__WORK ORDER__:
Each line below must be written out exactly as shown.
━━━━━━━━━━
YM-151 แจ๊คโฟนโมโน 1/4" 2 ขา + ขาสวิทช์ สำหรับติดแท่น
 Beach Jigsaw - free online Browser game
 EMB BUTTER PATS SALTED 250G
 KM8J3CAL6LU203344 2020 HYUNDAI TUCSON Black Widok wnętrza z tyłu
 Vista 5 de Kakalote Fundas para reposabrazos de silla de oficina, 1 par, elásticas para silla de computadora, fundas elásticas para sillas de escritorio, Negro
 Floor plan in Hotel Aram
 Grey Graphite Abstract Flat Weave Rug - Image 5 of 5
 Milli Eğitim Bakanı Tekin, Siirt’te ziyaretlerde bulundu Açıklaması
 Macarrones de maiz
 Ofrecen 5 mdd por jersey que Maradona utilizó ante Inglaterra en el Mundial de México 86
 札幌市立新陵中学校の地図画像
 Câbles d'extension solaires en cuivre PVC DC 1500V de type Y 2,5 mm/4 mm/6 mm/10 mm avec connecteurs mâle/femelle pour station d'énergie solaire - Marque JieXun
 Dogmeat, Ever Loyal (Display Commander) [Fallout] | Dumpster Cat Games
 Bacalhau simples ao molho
━━━━━━━━━━
__ANSWER TO THE PROBLEM__:
YM-151 แจ๊คโฟนโมโน 1/4" 2 ขา + ขาสวิทช์ สำหรับติดแท่น
 Beach Jigsaw - free online Browser game
 EMB BUTTER PATS SALTED 250G
 KM8J3CAL6LU203344 2020 HYUNDAI TUCSON Black Widok wnętrza z tyłu
 Vista 5 de Kakalote Fundas para reposabrazos de silla de oficina, 1 par, elásticas para silla de computadora, fundas elásticas para sillas de escritorio, Negro
 Floor plan in Hotel Aram
 Grey Graphite Abstract Flat Weave Rug - Image 5 of 5
 Milli Eğitim Bakanı Tekin, Siirt’te ziyaretlerde bulundu Açıklaması
 Macarrones de maiz
 Ofrecen 5 mdd por jersey que Maradona utilizó ante Inglaterra en el Mundial de México 86
 札幌市立新陵中学校の地図画像
 Câbles d'extension solaires en cuivre PVC DC 1500V de type Y 2,5 mm/4 mm/6 mm/10 mm avec connecteurs mâle/femelle pour station d'énergie solaire - Marque JieXun
 Dogmeat, Ever Loyal (Display Commander) [Fallout] | Dumpster Cat Games
 Bacalhau simples ao molho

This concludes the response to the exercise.